Once again, Martin needed an infusion of
cash, but the RFC refused another loan.
Private lenders, led by Mellon Bank, imposed
even more drastic changes in company management
in 1952. This time Glenn Martin was removed
entirely - and literally. His office was
moved off the premises, and his stockholdings
cut in half by a new offering. George M.
Bunker, who had made his name at Trailmobile,
Inc., was brought in as president, along
with other non-aviation executives. The
company's founder died in retirement two
years later.
The
103 4-O-4's sold to Eastern and TWA (and
two more purchased by the Coast Guard) proved
to be sturdy airplanes in the Martin tradition.

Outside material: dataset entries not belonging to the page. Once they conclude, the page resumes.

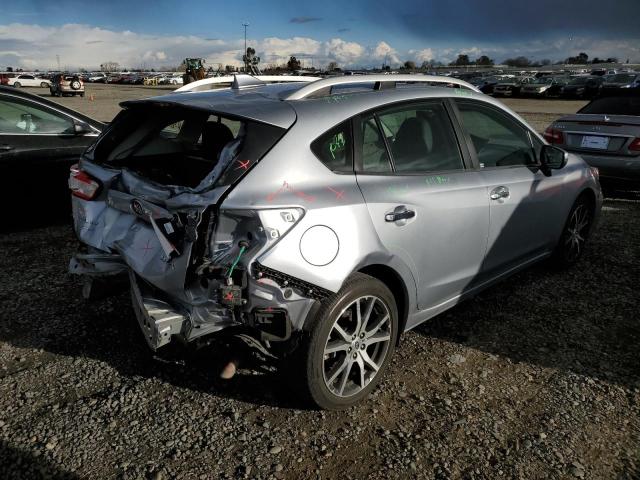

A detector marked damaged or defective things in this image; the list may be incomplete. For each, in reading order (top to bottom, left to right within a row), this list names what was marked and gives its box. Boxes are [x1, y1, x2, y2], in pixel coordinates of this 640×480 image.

broken taillight [69, 164, 100, 200]
damaged rear end [70, 92, 310, 350] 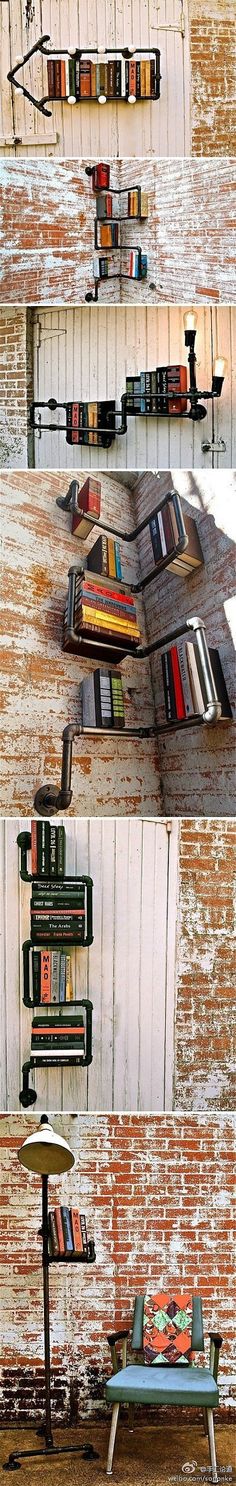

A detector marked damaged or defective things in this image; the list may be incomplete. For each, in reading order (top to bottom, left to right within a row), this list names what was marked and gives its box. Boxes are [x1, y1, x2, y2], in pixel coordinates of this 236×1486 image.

peeling paint wall [0, 156, 234, 304]
peeling paint wall [133, 469, 234, 814]
peeling paint wall [175, 820, 236, 1111]
peeling paint wall [0, 1111, 234, 1420] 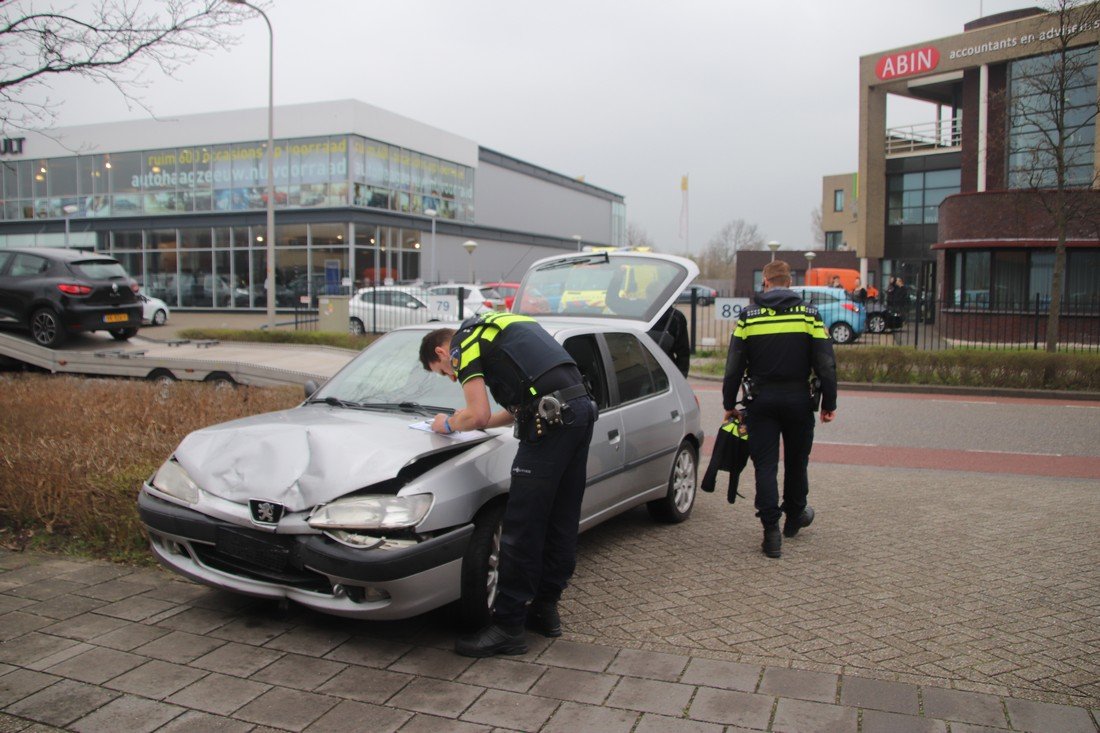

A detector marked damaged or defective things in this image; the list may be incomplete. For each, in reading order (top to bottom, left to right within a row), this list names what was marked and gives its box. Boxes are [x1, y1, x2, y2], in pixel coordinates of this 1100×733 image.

crumpled car hood [173, 402, 484, 510]
silver damaged car [139, 249, 704, 620] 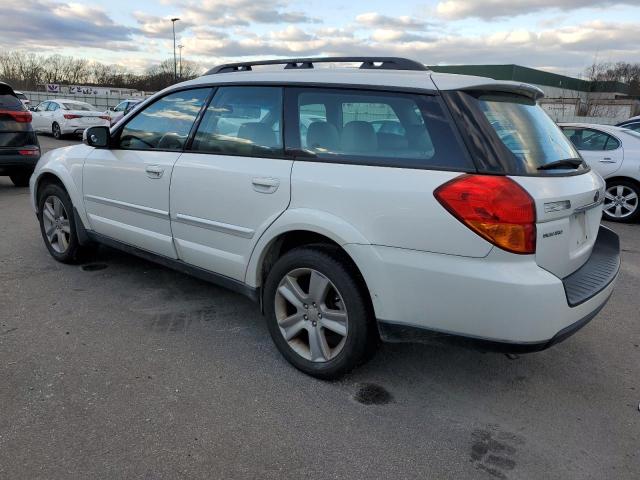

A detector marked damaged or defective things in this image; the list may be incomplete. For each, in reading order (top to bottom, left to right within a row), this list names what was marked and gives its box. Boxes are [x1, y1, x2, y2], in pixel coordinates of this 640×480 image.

cracked asphalt [0, 136, 636, 480] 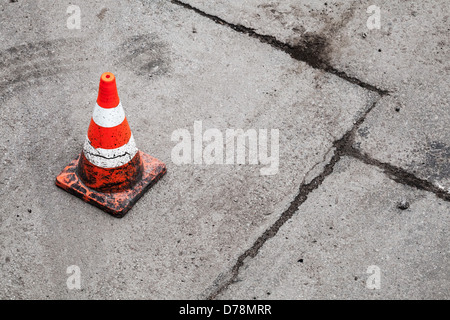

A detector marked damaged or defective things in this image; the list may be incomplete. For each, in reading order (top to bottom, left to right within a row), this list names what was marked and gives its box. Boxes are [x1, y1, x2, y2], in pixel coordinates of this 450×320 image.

crack in concrete [171, 0, 390, 96]
rusty cone base [55, 152, 166, 218] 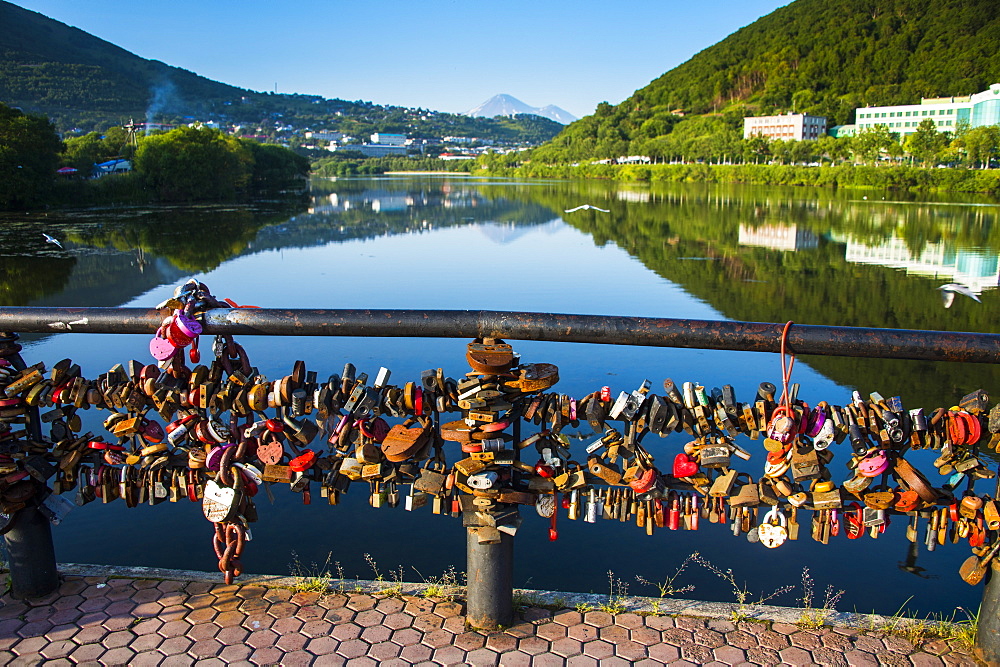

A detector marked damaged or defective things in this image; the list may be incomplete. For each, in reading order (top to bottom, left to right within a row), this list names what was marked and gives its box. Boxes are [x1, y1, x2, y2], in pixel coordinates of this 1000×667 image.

rusty metal railing pipe [1, 310, 1000, 366] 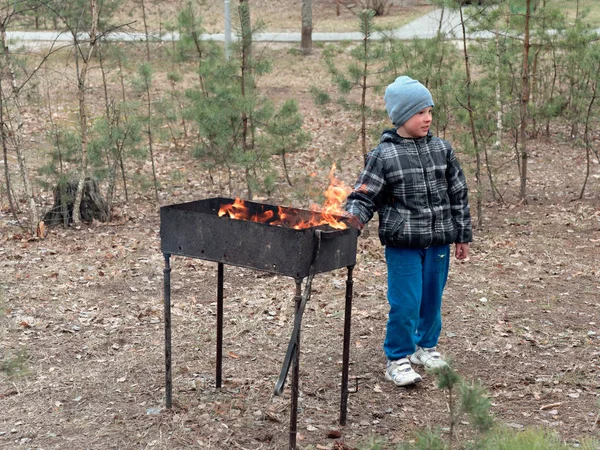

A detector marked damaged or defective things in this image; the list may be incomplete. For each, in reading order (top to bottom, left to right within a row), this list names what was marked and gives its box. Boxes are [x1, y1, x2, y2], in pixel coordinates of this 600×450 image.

rusty metal grill [158, 199, 356, 448] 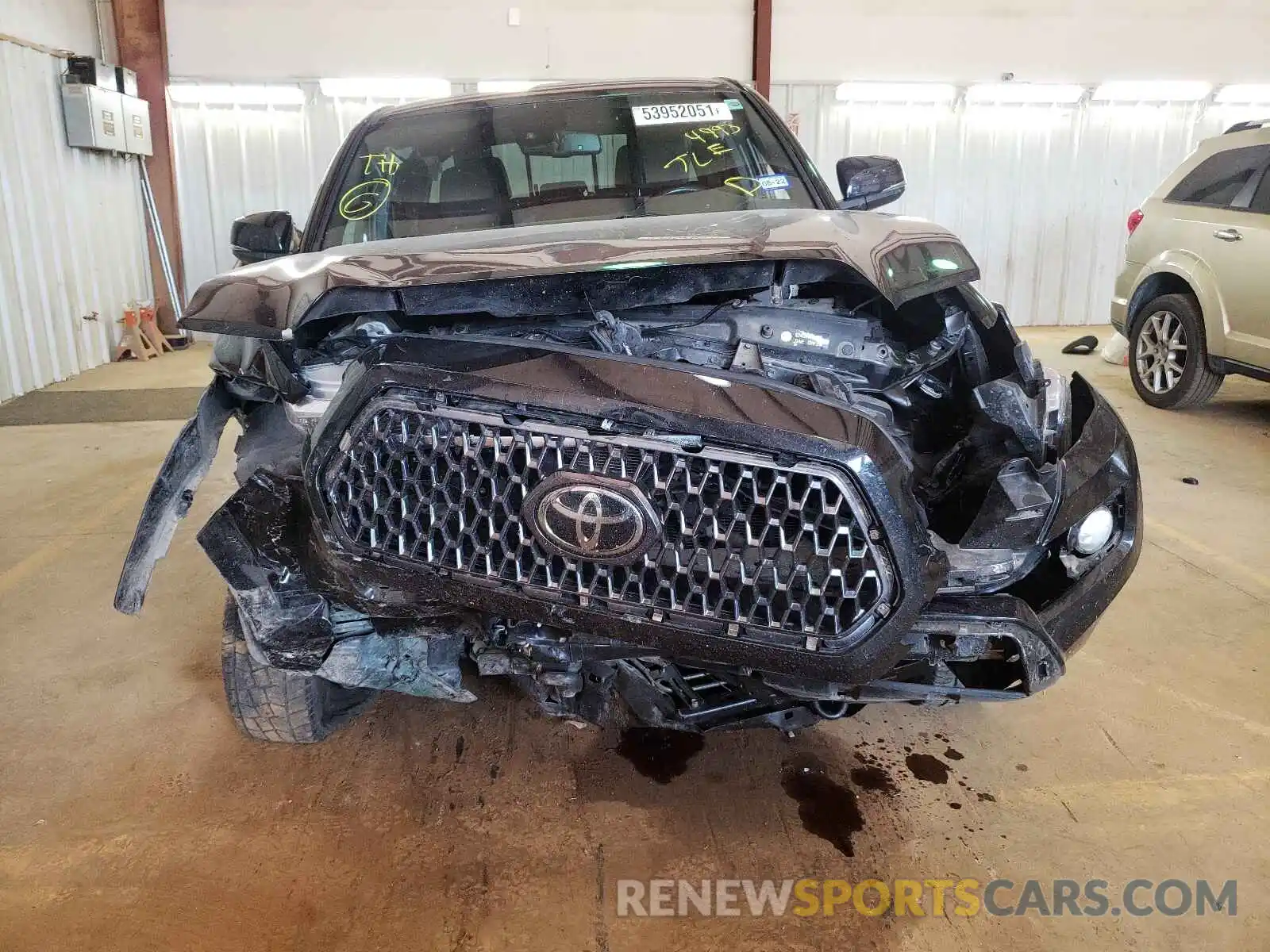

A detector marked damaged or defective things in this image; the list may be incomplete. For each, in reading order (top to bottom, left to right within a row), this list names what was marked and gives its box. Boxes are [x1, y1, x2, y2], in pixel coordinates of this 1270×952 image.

crumpled hood [181, 206, 972, 336]
damaged toyota tacoma [114, 78, 1143, 739] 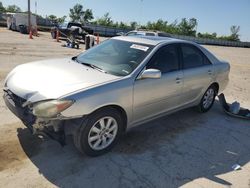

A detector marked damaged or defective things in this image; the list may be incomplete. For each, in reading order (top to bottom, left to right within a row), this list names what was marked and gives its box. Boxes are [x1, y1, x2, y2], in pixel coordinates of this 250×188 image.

damaged front bumper [2, 89, 75, 145]
exposed headlight housing [31, 100, 73, 117] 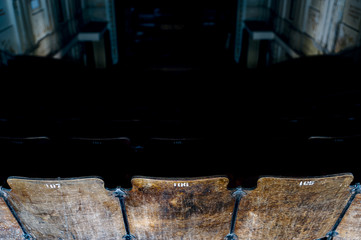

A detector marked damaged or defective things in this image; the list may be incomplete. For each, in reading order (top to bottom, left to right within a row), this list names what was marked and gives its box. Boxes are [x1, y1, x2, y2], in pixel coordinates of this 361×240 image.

chipped paint on wood [6, 176, 125, 240]
chipped paint on wood [126, 176, 233, 240]
chipped paint on wood [235, 173, 352, 239] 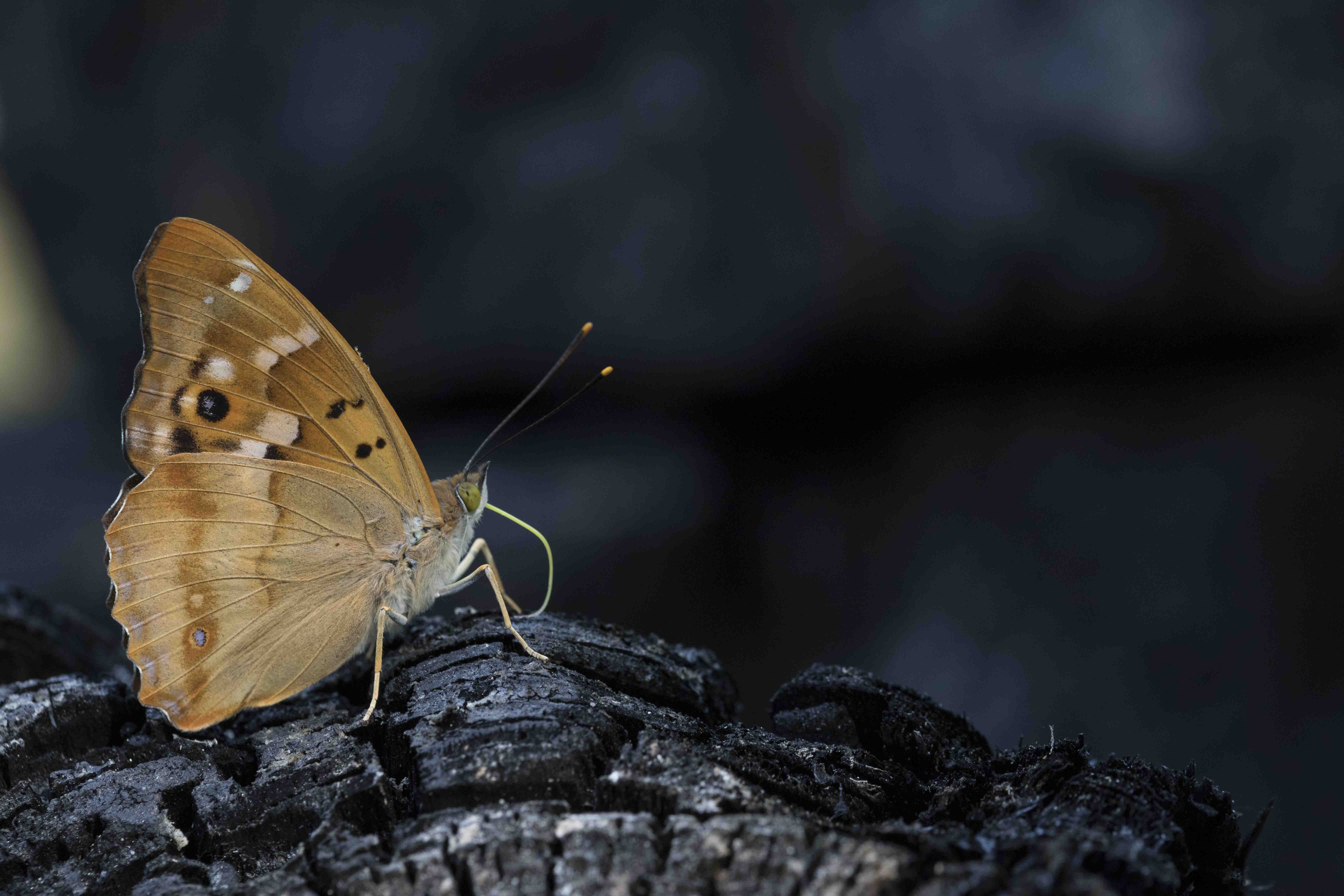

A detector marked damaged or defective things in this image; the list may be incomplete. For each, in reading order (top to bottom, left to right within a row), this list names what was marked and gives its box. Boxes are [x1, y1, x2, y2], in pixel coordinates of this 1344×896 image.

burnt black wood surface [0, 586, 1258, 892] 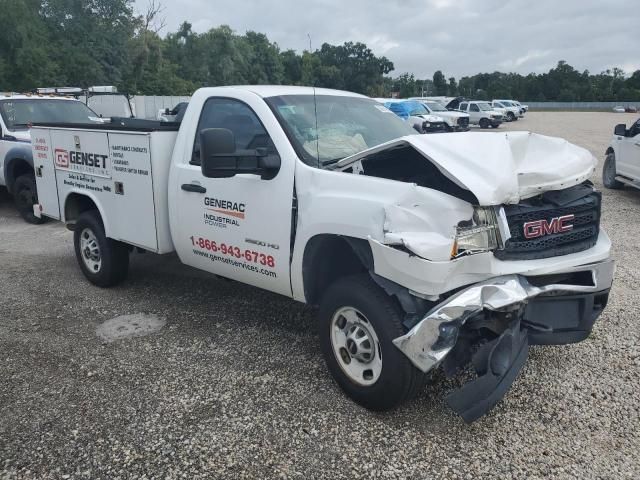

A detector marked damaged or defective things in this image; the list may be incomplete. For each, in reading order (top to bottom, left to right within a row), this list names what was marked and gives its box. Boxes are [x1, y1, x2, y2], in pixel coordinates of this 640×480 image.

crumpled hood [338, 132, 596, 205]
broken plastic trim [392, 258, 612, 376]
damaged front end [392, 260, 612, 422]
damaged front bumper [390, 258, 616, 420] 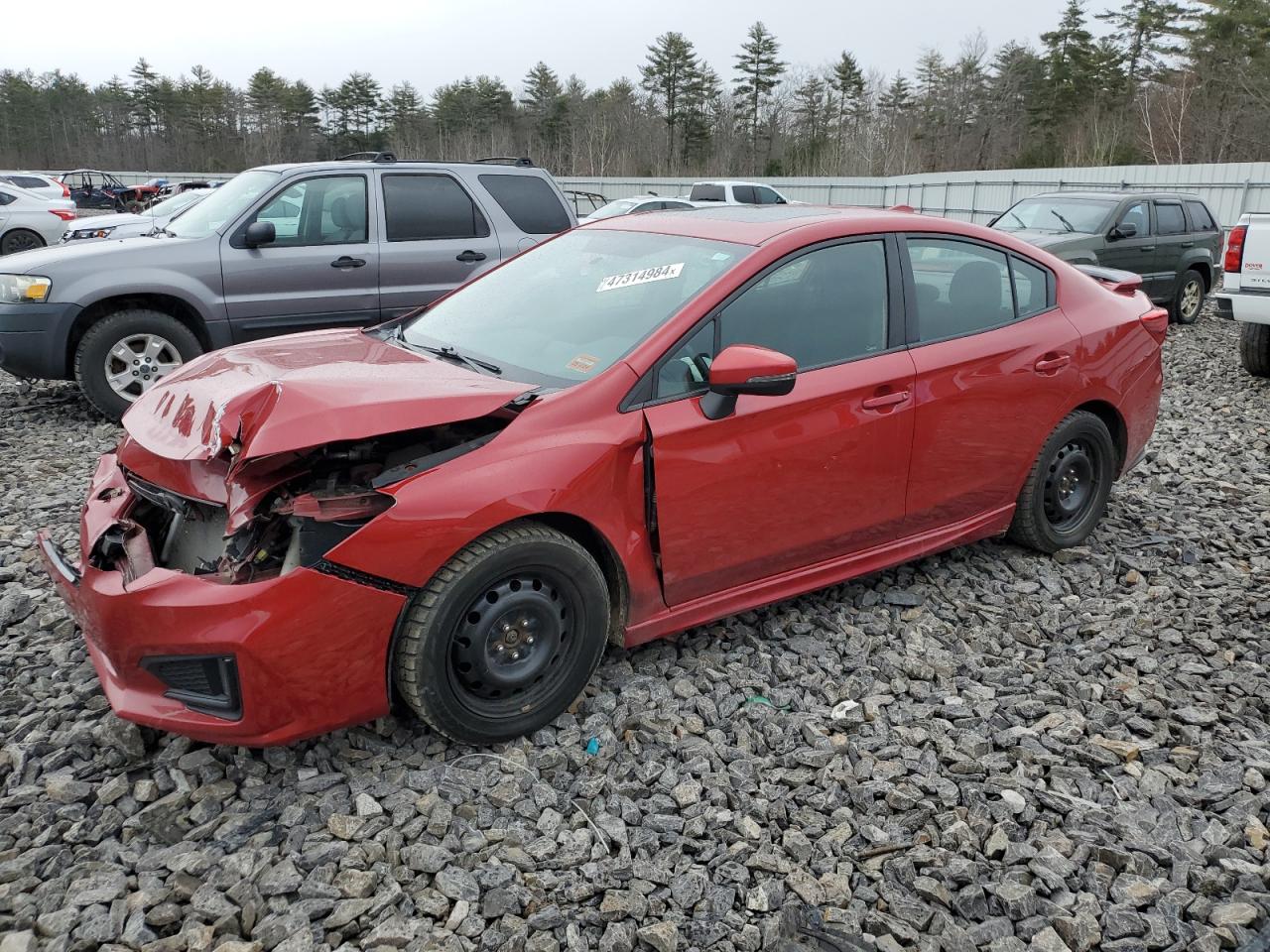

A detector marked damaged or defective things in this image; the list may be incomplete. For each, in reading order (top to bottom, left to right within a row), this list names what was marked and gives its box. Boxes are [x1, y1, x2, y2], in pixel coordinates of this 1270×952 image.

damaged hood [123, 327, 531, 461]
crushed front bumper [40, 451, 406, 746] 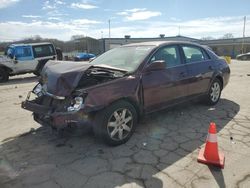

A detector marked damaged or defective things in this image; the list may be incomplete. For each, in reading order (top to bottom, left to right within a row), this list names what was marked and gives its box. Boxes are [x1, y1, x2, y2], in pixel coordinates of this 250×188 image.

crushed hood [41, 60, 92, 96]
damaged sedan [22, 41, 230, 145] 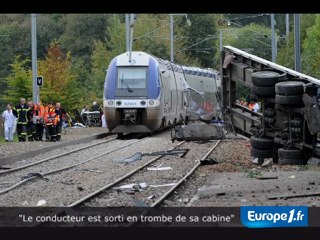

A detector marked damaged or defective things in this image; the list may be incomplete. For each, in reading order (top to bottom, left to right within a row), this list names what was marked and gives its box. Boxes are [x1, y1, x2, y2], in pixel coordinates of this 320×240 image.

overturned truck [221, 45, 320, 165] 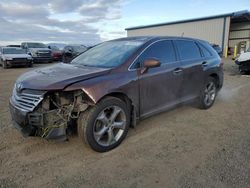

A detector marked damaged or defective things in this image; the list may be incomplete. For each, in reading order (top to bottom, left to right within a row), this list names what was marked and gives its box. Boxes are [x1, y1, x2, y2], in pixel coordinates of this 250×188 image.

After a decade or so with the trunk lines,
they joined the former Northwestern 2-O-2's
in service on regional carriers. Some were
converted into executive planes (including
one for Frank Sinatra) and others used to
carry cargo (not always legal). Several
were still flying in the 1990's, including
4-O-4's owned by the Mid Atlantic Air Museum,
Save a Connie, Inc., and a private collector
in Washington - displaying the liveries,
respectively, of Eastern, TWA, and Pacific
Airlines. At least two 4-O-4's have been
impounded by the U.S. Customs Service and
await possible restoration. A Martin 2-O-2
may be seen on static display at the New
Jersey Aviation Hall of Fame at Teterboro
Airport. A 4-O-4 is available for viewing
at the Glenn L. Martin Maryland Aviation
Museum in Middle River, Md.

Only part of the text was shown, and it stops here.